Agora, está usando seu estoque de bicicletas e patinetes para pagar seus credores. Cada patinete está sendo avaliado em R$ 1,8 mil e usado como parte do pagamento dos credores, até o limite de 2 mil equipamentos por credor. Isso soma R$ 3,6 milhões por lote.

Vale a pena?

Com objetivo de incentivar mais pessoas a pedalarem, o sistema da Tembici conta com um plano com 10 dias grátis para experimentação. Após isso, os valores variam de acordo com o plano escolhido. Viagens únicas de até 15 minutos têm o custo de R$ 5,99 cada e o plano diário prevê viagens ilimitadas de até 60 minutos cada por R$ 13,90 ao dia. O plano mensal sai por R$ 24,90 e o anual por R$ 249,99.

O sistema da Tembici prevê 4 tipos de plano, além de um grátis para experimentação. Imagem: Tembici/divulgação

O preço de uma passagem de ônibus em Curitiba em 2023 é de R$ 6,00, enquanto o preço do litro da gasolina é de aproximadamente R$ 5,95. Com o plano diário da Tembici, se paga R$ 13,90 por hora. Se uma pessoa anda 10 km por dia a trabalho, gastaria 12 reais diários de ônibus, considerando que use apenas um ônibus por destino. Considerando o consumo médio de um carro, seriam gastos R$ 9,52 de gasolina. Com o plano diário da Tembici, pedalando em uma média de 30 km/h, o custo seria de R$ 9,73.

Benefícios da bicicleta compartilhada

O sistema de bicicletas compartilhadas surgiu em 1965, na Holanda. O engenheiro Luud Schimmelpennink tinha a intenção de diminuir o uso de carros e a poluição. Para isso, ele pintou algumas bicicletas de branco e as espalhou pela cidade.

O funcionamento do sistema é responsabilidade da empresa investidora, que determina as áreas de uso, a quantidade de bicicletas, preços e o tempo-limite de uso. Em geral, os valores são baixos em comparação com outros tipos de transporte. Assim, mais pessoas podem aderir às bikes, sem ter uma própria, e economizando financeiramente.

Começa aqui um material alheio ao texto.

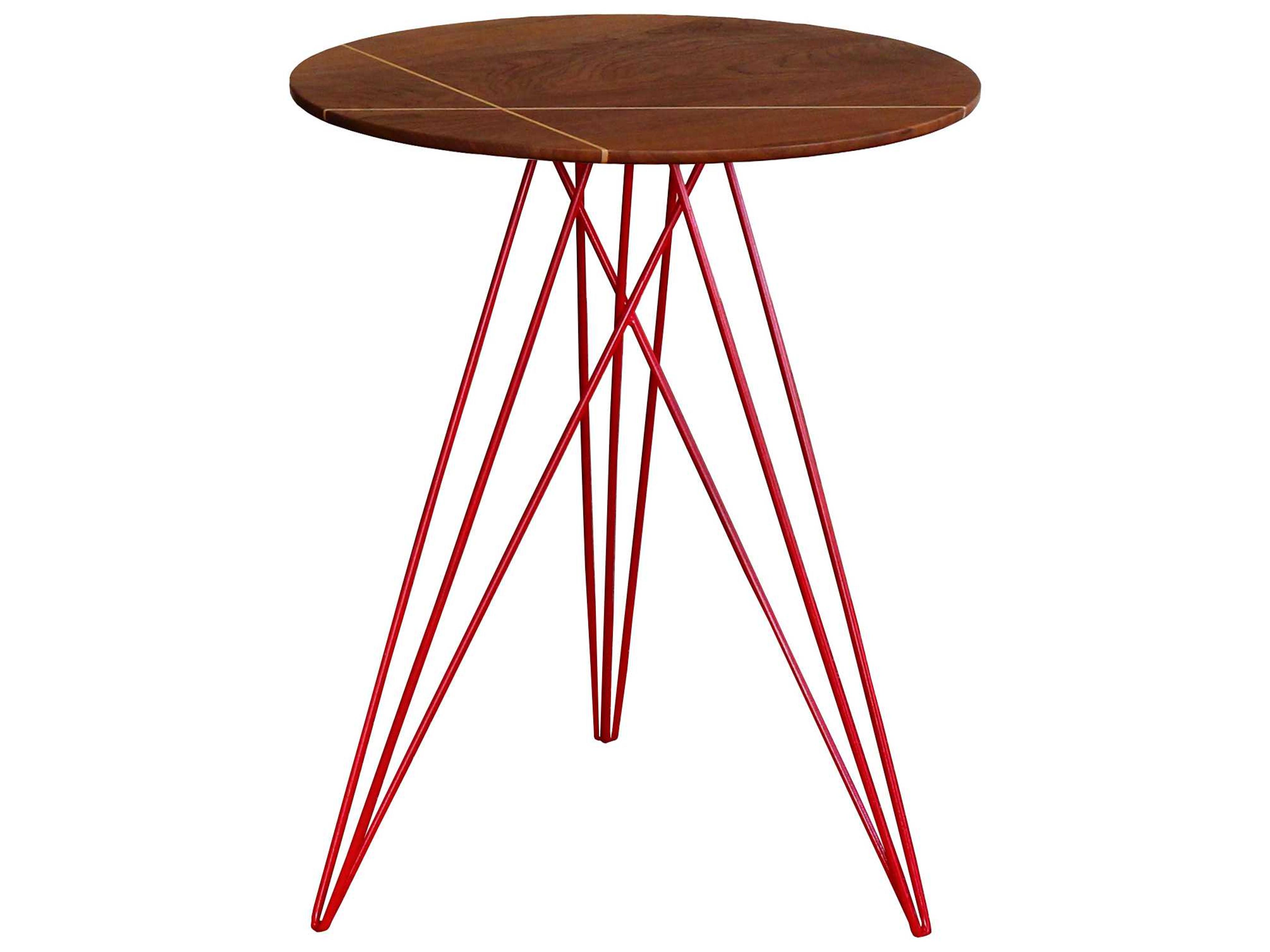 Tronk Design Hudson Round Wood End Table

A bicicleta compartilhada, em sua teoria, traz facilidade de uso, pois a liberação é digital e as bikes podem ser encontradas em diversas regiões, muitas vezes nas proximidades da residência ou trabalho do usuário. Utilizando as bikes compartilhadas diariamente, o usuário também sai em vantagem ao fazer os trajetos em menor tempo. Os demais transportes tendem a demorar mais, devido ao congestionamento e à quantidade de pessoas que os utilizam, o que afeta o ritmo e a velocidade do percurso.

O sistema também contribui para o meio ambiente, por meio da diminuição da poluição. A bicicleta é considerada um transporte verde, ou seja, não motorizado, com tecnologia limpa e sustentável.